Esas olarak işin niteliği itibariyle devamlılık arz ettiği durumlarda, art arda 3. kez yapılan belirli süreli iş sözleşmesinde, 3. yıldan itibaren artık sözleşmenin belirsiz hale geldiğini kabul eden Yargıtay, Özel Eğitim Kurumları'nda çalışanlar açısından farklı düşündüğü için kıdem tazminatı taleplerini kabul etmiyor.
Esas No: 1992 / 6571 Karar No: 1992 / 11557
Merci: Yargıtay 9. Hukuk Dairesi Tarih: 20/10/1992
Arka Fonu Kapat(F9) Sözlük(F10)
Özü : SÖZLEŞME SÜRESİ GEÇEN VE SÖZLEŞMEYİ YENİLEMEYECEĞİNİ BİLDİREN ÖZEL OKUL ÖĞRETMENİ, KIDEM TAZMİNATINA HAK KAZANAMAZ.
2172
DAVA : Taraflar arasındaki kıdem tazminatı, ücret ve sosyal hak alacaklarının ödetilmesi davasının yapılan yargılaması sonunda; ilamda yazılı nedenlerle gerçekleşen miktarın faiziyle birlikte davalıdan alınarak davacıya verilmesine ilişkin hükmün süresi içinde temyizen incelenmesi taraflar avukatınca istenilmesi ve davalı avukatınca da duruşma talep edilmesi üzerine; dosya incelendi, gereği konuşulup düşünüldü:
KARAR : 1 - Dosyadaki yazılara, toplanan delillerle kararın dayandığı kanuni gerektirici sebeplere göre, davacının tüm temyiz itirazları ile davalının aşağıdaki bentlerin kapsamı dışındaki temyiz itirazları yerinhde değildir. 2 - 625 sayılı Özel Öğretim Kurumları Kanununa göre, öğretmenlerle yapılan birer yıllık sözleşmeler, işin niteliği itibariyle ayrı ayrı süresi belirli sözleşmeler olup, ardı ardına her sene için yapılmış olması bu sözleşmelerin belirsiz süreli sözleşme olduğunu göstermez.
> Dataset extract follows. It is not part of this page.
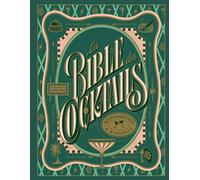 La bible des cocktails - Nouvelle édition 2025-2026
Dairemizin ve hukuk Genel Kurulu'nun kararları bu doğrultudadır (YHGK., 1.7.1992 gün ve 1992/9-335 karar). Davacı bir yıllık sürenin bitiminden bir süre önce akti yenilemeyeceğini bildirmiştir. Süresi belirli olan sözleşme sürenin bitiminde kendiliğinden sona erer ve işçi kıdem tazminatına hak kazanamaz. Zira bu durum İş Kanununun 14. maddesinde belirtilen kıdem tazminatını gerektirecek hallerden değildir. O halde kıdem tazminatı isteğinin reddine karar vermek gerekir. 3 - 625 sayılı Kanunda, bazı konularda Özel Okullar ile Özel Dersaneler ayrımı yapılmıştır. Anılan Kanunun 33. maddesinde Özel Okullarda Yöneticilik ve Eğitim-Öğretim hizmeti yapanların dengi Resmi Okullarda ödenen aylık ve Sosyal Yardım kapsamındaki ek ödemelerden yararlanacakları belirtilmiştir. Özel dersaneler için bu ödemeler öngörülmemiştir. Bu husus gözönünde tutulmaksızın dersanede öğretmen olarak görev yapan davacı için dengi Resmi Okullarda ödenen Sosyal Yardımlar'a karar verilmiş olması doğru değildir. 4 - 625 sayılı Kanunun 35. maddesindeki geç ödemeden dolayı aylık ücretin % 1 fazlasıyla ödenmesi zorunluluğuna ilişkin hüküm Özel Öğretim Kurumlarını kapsamaktadır. Dersanede, Özel Öğretim Kurumu kavramı içinde olduğundan buradaki % 1 fazlasıyla ödeme, dersane öğretmenlerine de uygulama olanağına sahiptir. Yine 35. maddede, bu % 1 fazlasıyla ödemenin aylık ücret için söz konusu olduğu görülmektedir. Buna göre ödenmeyen aylık ücretler ile ek ders ücretlerine % 1 fazla ödemenin uygulanması doğrudur. Ancak, niteliği itibariyle % 1 fazla ödeme ücret ve ek ders ücretinin brütü üzerinden, değil net miktarları üzerinden hesaplanması gerekir. 5 - 35. maddede öngörülen % 1 fazla ödeme faiz niteliğinde değildir. Bu nedenle dava tarihinden sonrası için % 1 fazla ödemeye karar verilmiş olması doğru değildir.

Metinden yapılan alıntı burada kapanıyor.